_Exercise description_.
Images should be omitted while the rest of the data is duplicated exactly.

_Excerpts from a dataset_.
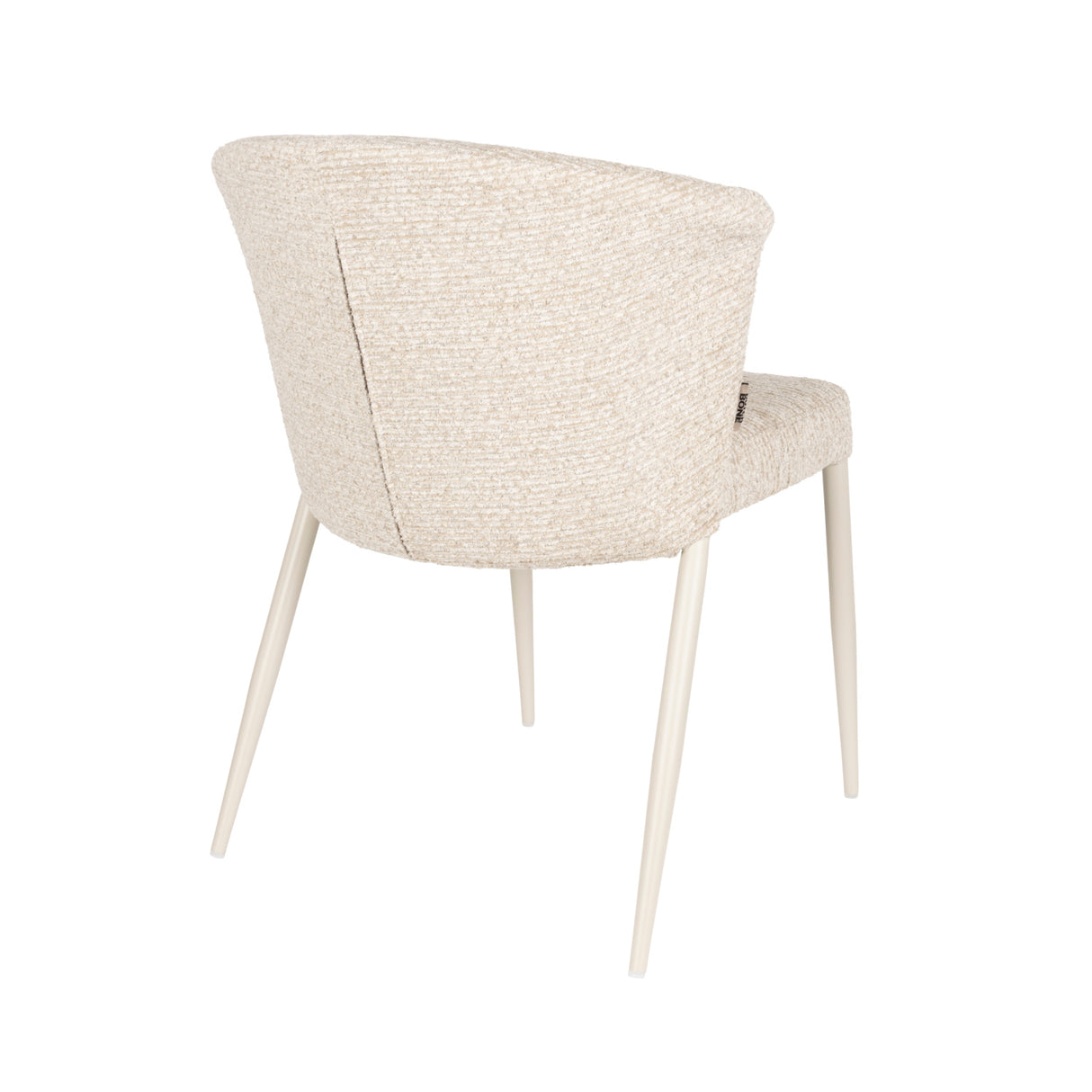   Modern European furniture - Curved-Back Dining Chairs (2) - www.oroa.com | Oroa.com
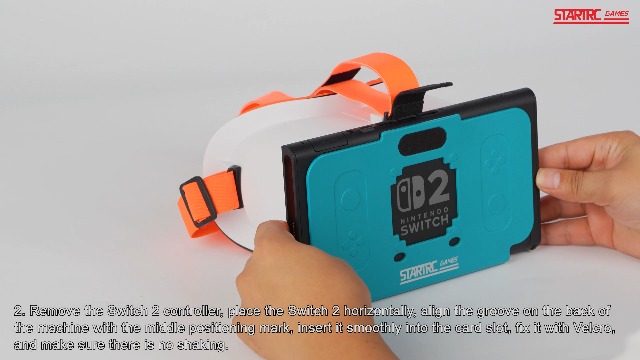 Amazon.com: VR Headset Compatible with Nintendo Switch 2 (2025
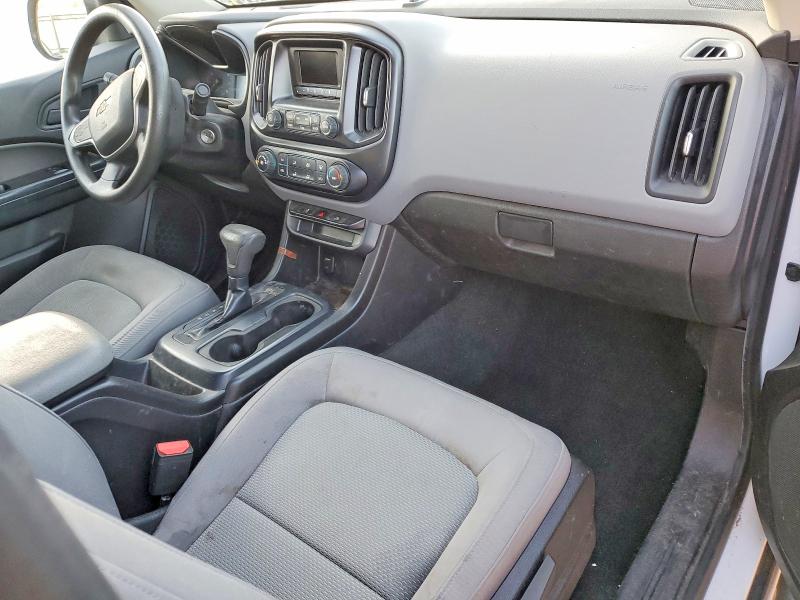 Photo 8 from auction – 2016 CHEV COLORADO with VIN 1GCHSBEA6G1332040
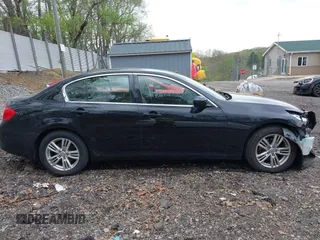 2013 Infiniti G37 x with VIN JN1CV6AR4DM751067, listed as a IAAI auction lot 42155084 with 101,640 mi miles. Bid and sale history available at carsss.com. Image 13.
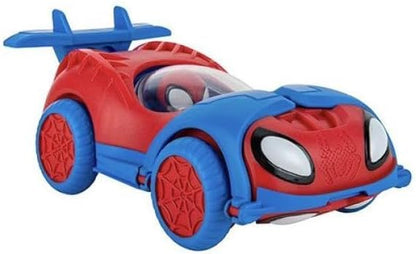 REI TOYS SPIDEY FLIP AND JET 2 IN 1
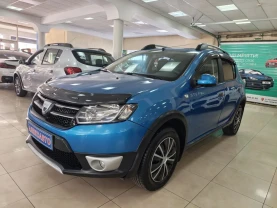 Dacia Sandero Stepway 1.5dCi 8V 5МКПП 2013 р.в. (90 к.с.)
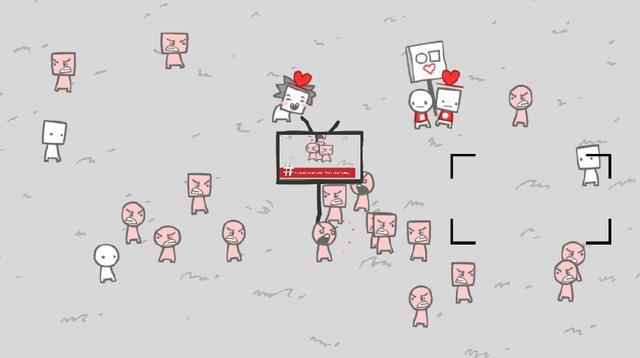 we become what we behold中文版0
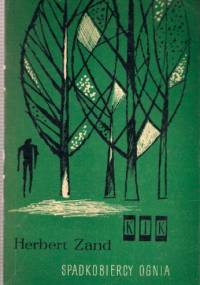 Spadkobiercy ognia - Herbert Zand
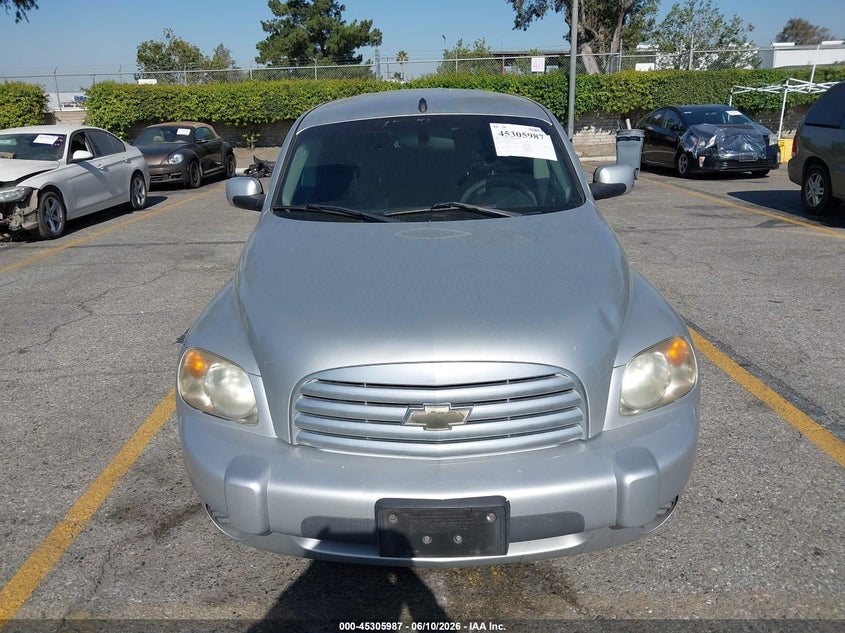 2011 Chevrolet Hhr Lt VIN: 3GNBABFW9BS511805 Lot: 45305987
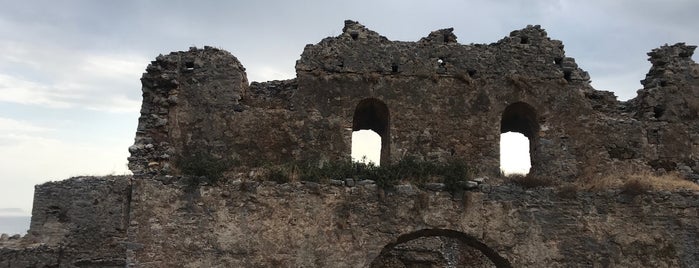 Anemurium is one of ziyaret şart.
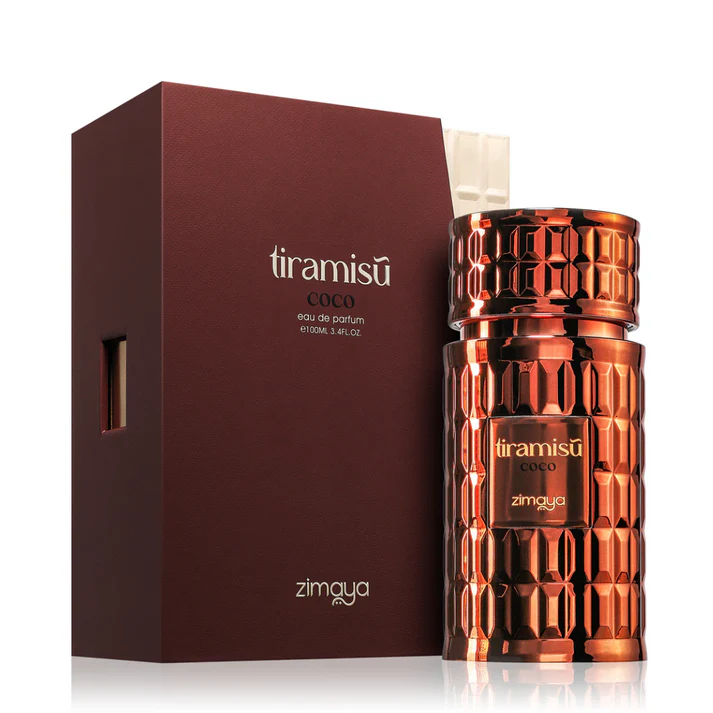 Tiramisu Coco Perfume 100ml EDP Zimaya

_Solved problem_.
   Modern European furniture - Curved-Back Dining Chairs (2) - www.oroa.com | Oroa.com
 Amazon.com: VR Headset Compatible with Nintendo Switch 2 (2025
 Photo 8 from auction – 2016 CHEV COLORADO with VIN 1GCHSBEA6G1332040
 2013 Infiniti G37 x with VIN JN1CV6AR4DM751067, listed as a IAAI auction lot 42155084 with 101,640 mi miles. Bid and sale history available at carsss.com. Image 13.
 REI TOYS SPIDEY FLIP AND JET 2 IN 1
 Dacia Sandero Stepway 1.5dCi 8V 5МКПП 2013 р.в. (90 к.с.)
 we become what we behold中文版0
 Spadkobiercy ognia - Herbert Zand
 2011 Chevrolet Hhr Lt VIN: 3GNBABFW9BS511805 Lot: 45305987
 Anemurium is one of ziyaret şart.
 Tiramisu Coco Perfume 100ml EDP Zimaya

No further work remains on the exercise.